US food giant Kraft Foods has launched a $20 billion bid for rival Cadbury – an offer spurned by the UK chocolate maker.
Cadbury said it had rejected the STG10.2 billion ($A19.61 billion) offer, but Kraft said it hoped the confectionery giant would change its mind.
Cadbury’s share price surged on the news and ended the day with a gain of 37.85 per cent at 783 pence.
Kraft Foods, the world’s second biggest snacks group after Nestle, said it hoped the takeover would increase annual revenues to $US50 billion ($A58.73 billion) a year.
“At the moment traders seem to be happy to speculate that a revised offer could well be forthcoming,” said David Jones, chief market strategist at financial betting firm IG Index.
One analyst said a bidding battle may even occur, as takeover activity returns to the market following the worst economic downturn in decades.
Evolution Securities analyst Warren Ackerman said there was “a reasonable chance” that Nestle could take Cadbury’s chewing gum business and US group Hershey the chocolate operations.
A tie-up between Kraft and Cadbury would merge leading Kraft brands Oreo biscuits and Maxwell House coffee with Cadbury’s Dairy Milk chocolate and Trident chewing gum.
“Kraft Foods Inc today announces that it has made a proposal to the board of Cadbury plc to combine the two companies,” said a statement issued by Kraft to the London Stock Exchange.
The offer “values the entire issued share capital of Cadbury at STG10.2 billion ($A19.61 billion),” it added.
“This proposed combination is about growth,” Kraft Foods chairman and chief executive Irene B. Rosenfeld said in her company’s statement.
“We are eager to build upon Cadbury’s iconic brands and strong British heritage through increased investment and innovation.”
She added: “We hope to engage with the board of Cadbury on a constructive basis with the goal of consummating a recommended transaction.”
But Cadbury, led by American chief executive Todd Stitzer, rejected the proposal, saying it “fundamentally undervalues” the company and its prospects.
Cadbury also voiced confidence in its “standalone strategy and growth prospects”.
Shares in Cadbury, the world’s second biggest confectionery company behind Mars, shot up 40.76 per cent to 799.5 pence in afternoon London trade.
Nestle rose 1.15 per cent to 43.82 Swiss francs in Zurich.
“I do not think that Nestle will counterbid,” said independent analyst James Amoroso.
“Nestle has much to gain from the disruption that a Kraft takeover would create.
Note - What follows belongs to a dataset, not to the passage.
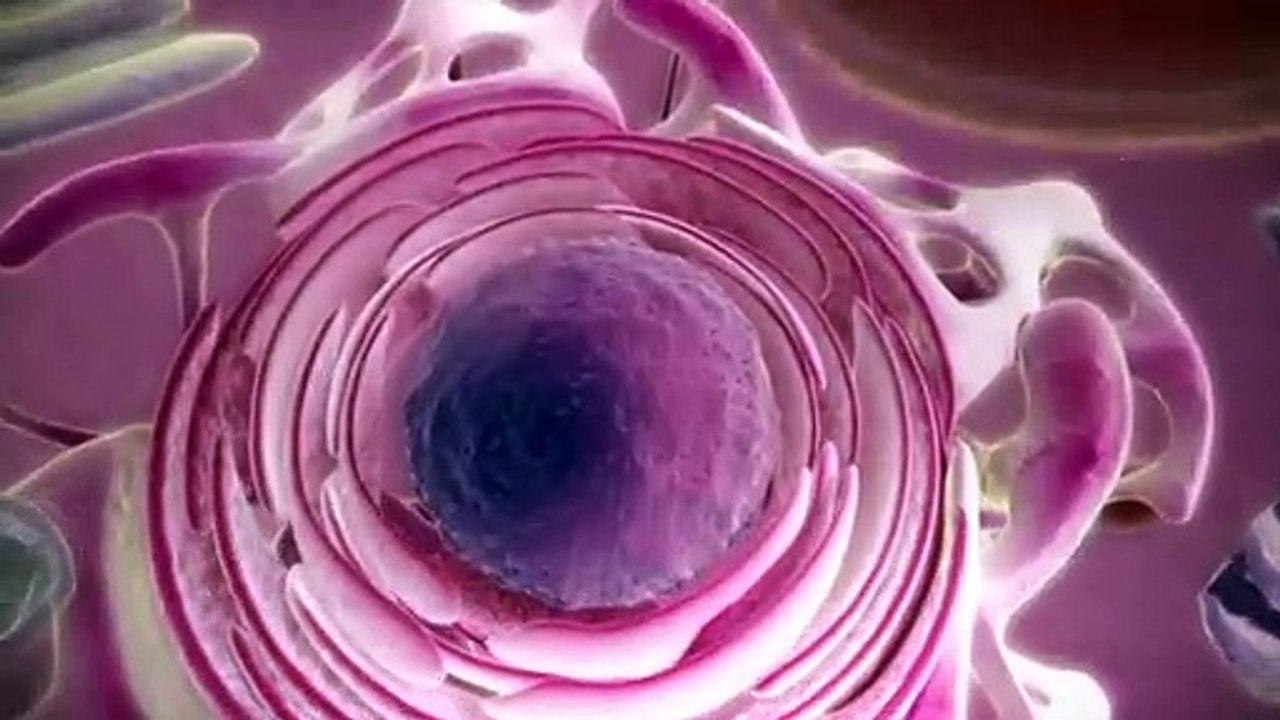 Formation of mRNA and Protein from DNA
Cadbury and Kraft culture is very different and possibly incompatible.
Job cut plans scrapped
“The overlaps between Cadbury and Nestle are considerable so that anti-trust issues would be inevitable. Thus, Nestle would not want to pay the premium.”
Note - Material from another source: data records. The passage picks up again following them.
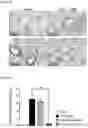Fig. 07 - PHARMACEUTICAL COMPOSITION FOR PREVENTING OR TREATING INFLAMMATORY RESPIRATORY DISEASE CONTAINING FUSION PROTEIN IN WHICH CELL-PENETRATING PEPTIDE AND CTCTLA4 PEPTIDE ARE FUSED AS ACTIVE INGREDIENT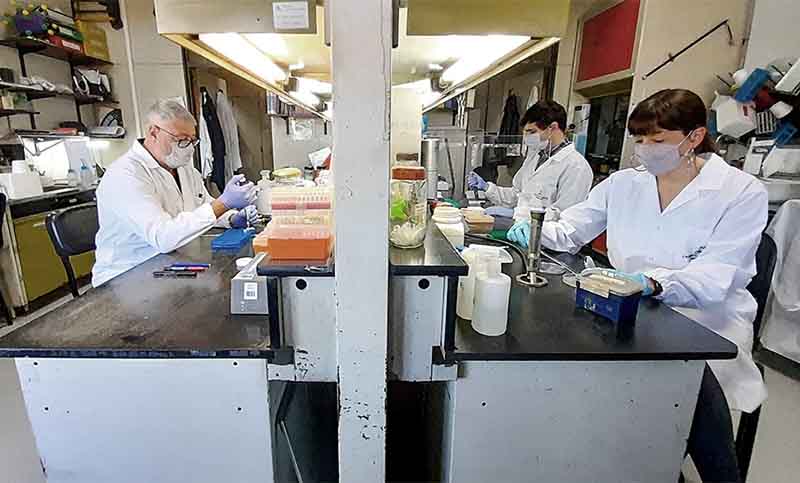 La vacuna argentina contra el coronavirus neutraliza las variantes Delta, Gamma y Alfa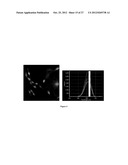 Imaging Beta-Amyloid Peptides and Inhibition of Beta-Amyloid Peptide     Aggregation diagram and image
Kraft Foods said it had proposed 300 pence in cash and 0.2589 new Kraft Foods shares per Cadbury share.
This valued each Cadbury share at 745 pence, 31 per cent higher than Cadbury’s closing share price last Friday, but below its trading level on Monday.
“We believe that Kraft will need to up its offer to have any serious chance of success, perhaps to 800 pence in cash or higher and may need assistance given that it already has around 15 billion dollars debt,” said Jeremy Batstone-Carr, an analyst at the Charles Stanley brokerage.
Kraft Foods said a tie-up would lift its revenues to about $US50 billion ($A58.73 billion) a year from $US42 billion ($A49.33 billion) presently.
It added that by combining the groups, plans for about 500 job cuts at Cadbury in Britain would be scrapped.